BY MAIRE O’NEILL
Los Alamos County has finalized the distribution of some $1.6 million it received in CARES Act funds, County Manager Harry Burgess told Council members during their regular meeting Tuesday evening.
The County received roughly $1 million for businesses and roughly $600,000 for individual grants, Burgess said. He noted that the County went through the process of administering and distributing those monies and had funds left over after the first round of individual grants funds.
“We requested the potential to transfer monies between the two funds so that we could more efficiently distribute the monies.

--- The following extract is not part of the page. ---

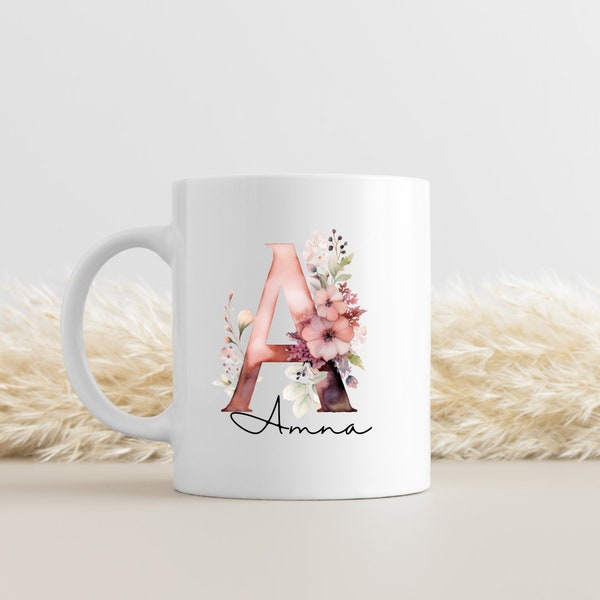 Tasse personalisiert | mit Name und Buchstabe | Wunsch | Kaffeetasse | florales Design | Geschenk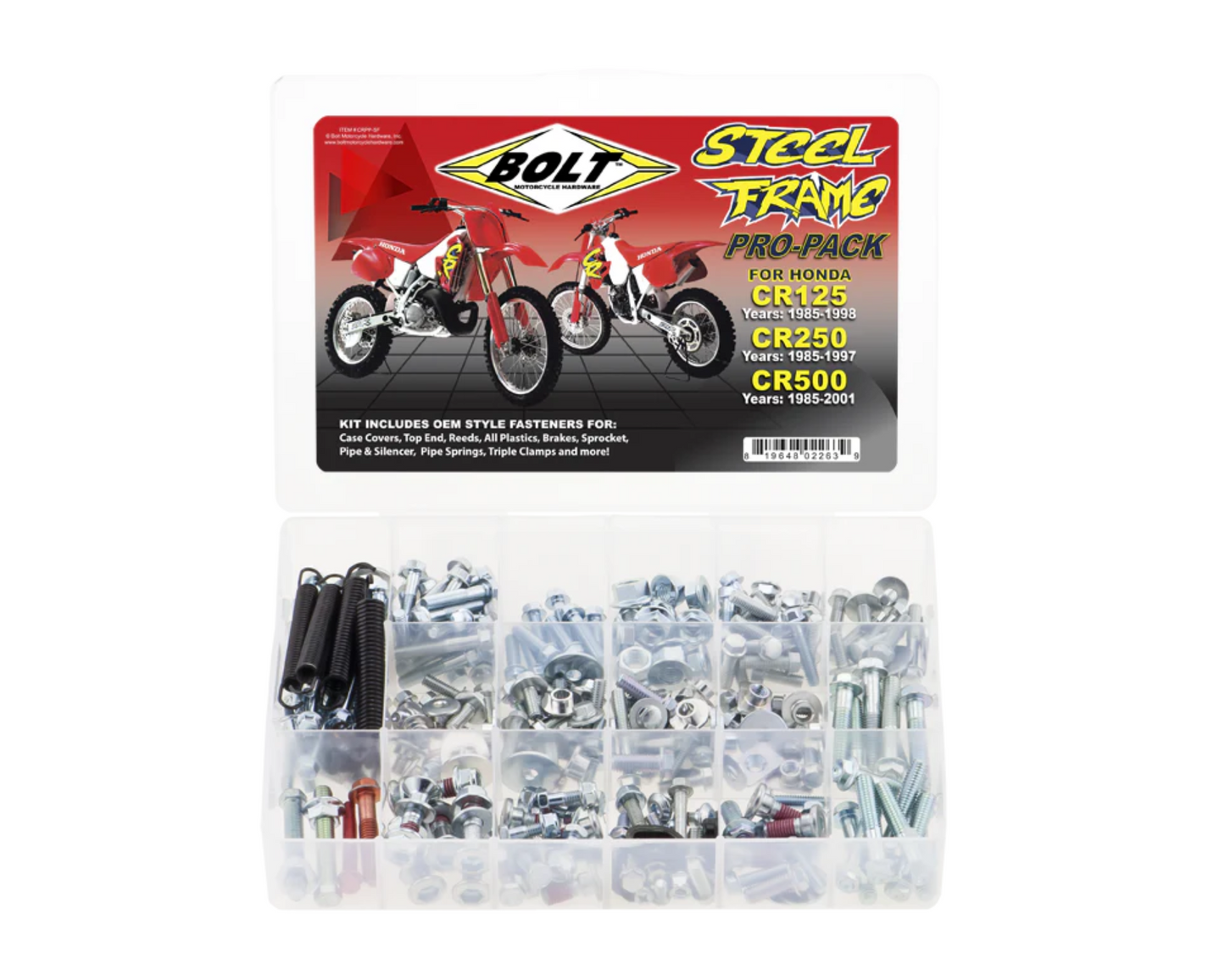 BOLT HARDWARE HONDA CR125/CR250/CR500 85-01 STEEL FRAME PRO PACK HARDWARE KIT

Initially that was denied but later as the state became concerned about people turning monies back in, they did authorize us to do so and given the short suspense, because this all had to be completed by the end of this month, we did a second round of individual requests and awarded those,” he said.
Burgess said some of the grants went specifically to the Department of Public Utilities for overdue bills, however once the County was allowed to transfer there was approximately $900,000 of unmet need from the first round of allocations and approximately $450,000 rollover money.

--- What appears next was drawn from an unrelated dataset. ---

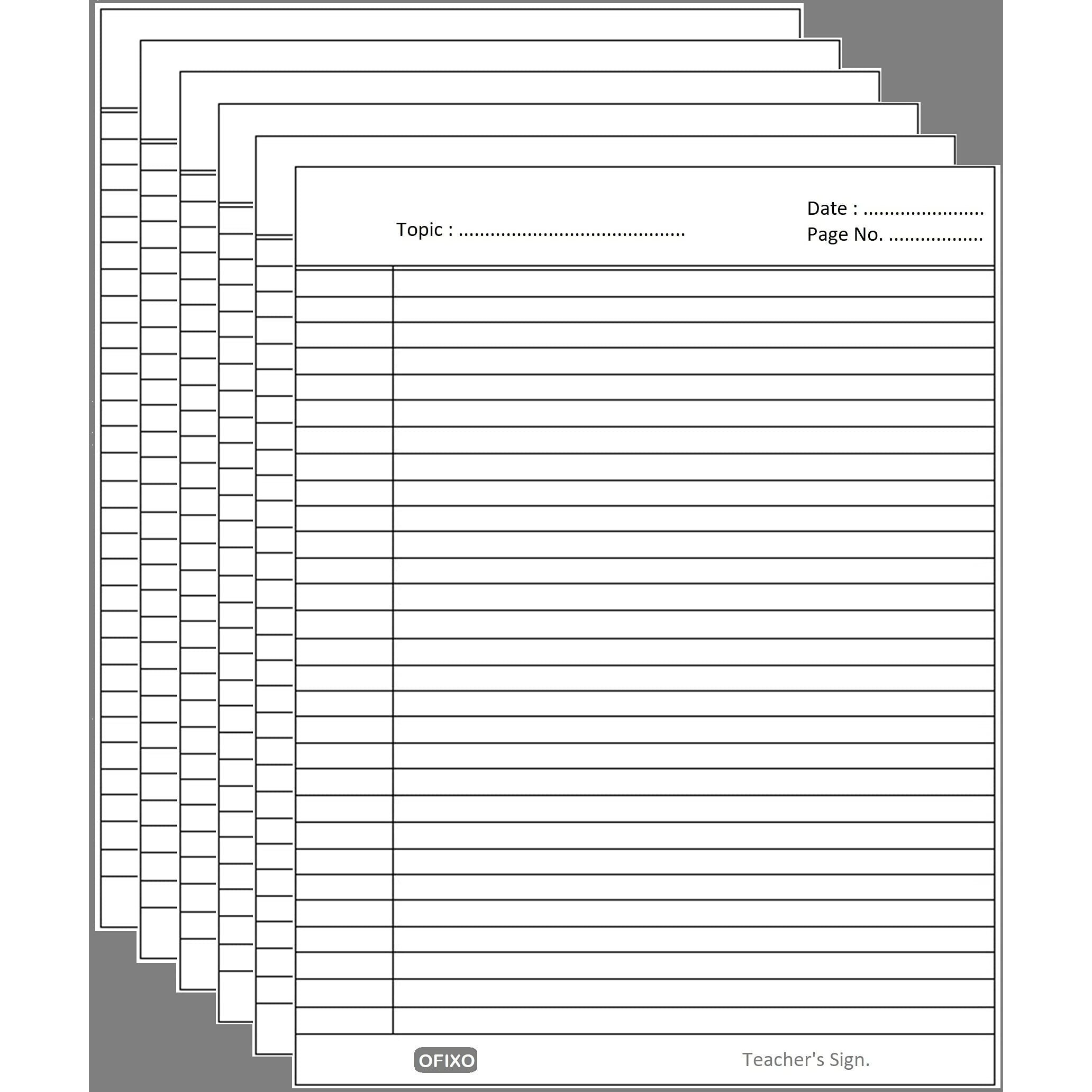 OFIXO A4 Size Both Side Ruled Sheet for Project/Practical/Homework (Pack of 100 sheets) (Model Number OFX_RULD100)
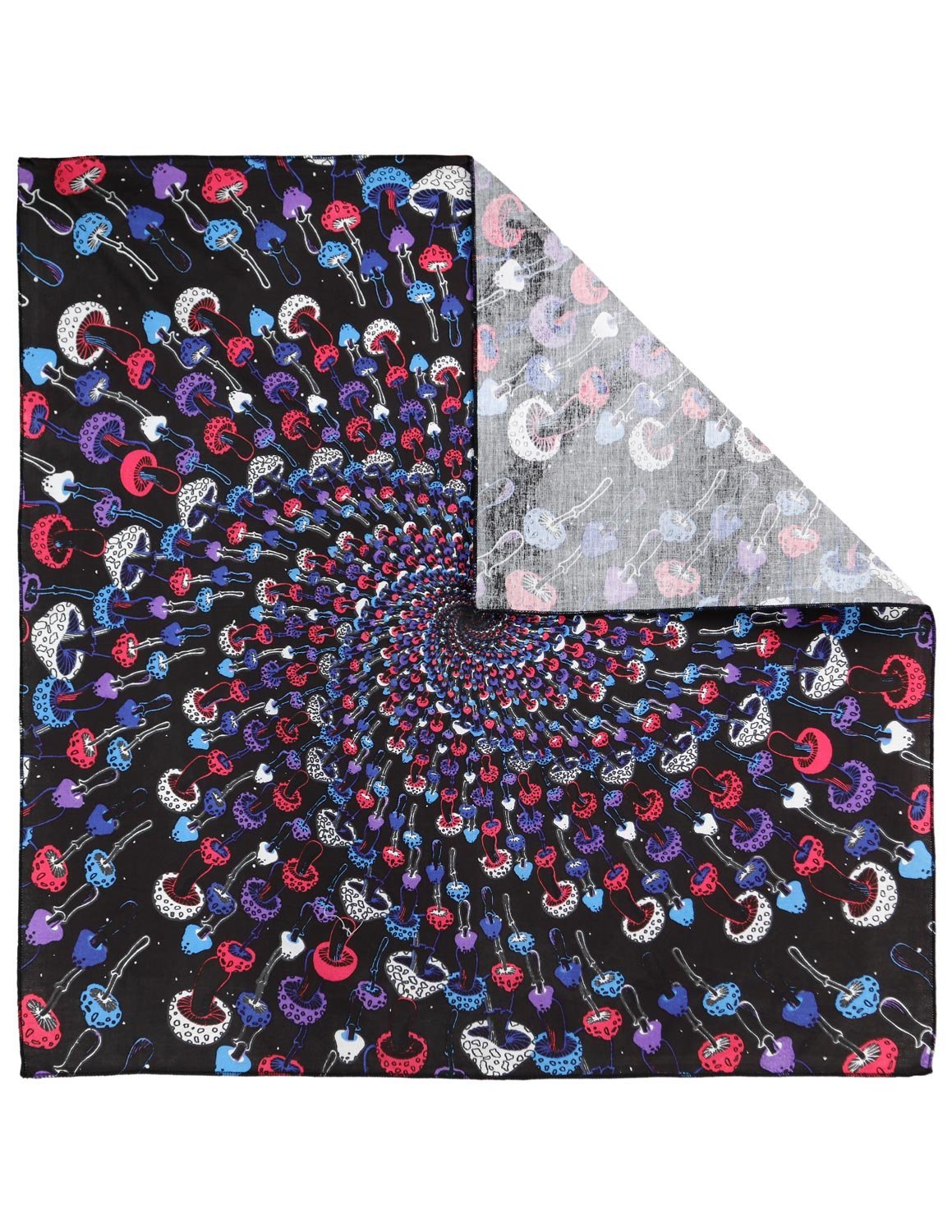 Sunshine Joy 3D Magic Mushroom Spiral Bandana 22x22 Inches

“So given that short suspense date, we looked back at those original applications and were able to distribute the remainder of that money to those existing businesses. We got approximately 67 applications from businesses and if I recall roughly 15 or so were denied but the remaining 50 to 53 or so actually received significant amounts of money and we were happy to distribute that within the community,” Burgess said. “Our goal was, and what the state wanted us to do was not turn that money back in. So there were some minor issues with applications and the amount requested where we had approximately $1,500 left over after all that exercise.”
He said the County contacted Los Alamos Public Schools because they were an eligible entity to receive funds and reimbursed them for a very small portion of the computers they bought to facilitate online learning during the last semester.
“We did fully expend those monies with that minor remainder going to the schools just to round out the final portion of our grants that were available,” Burgess said.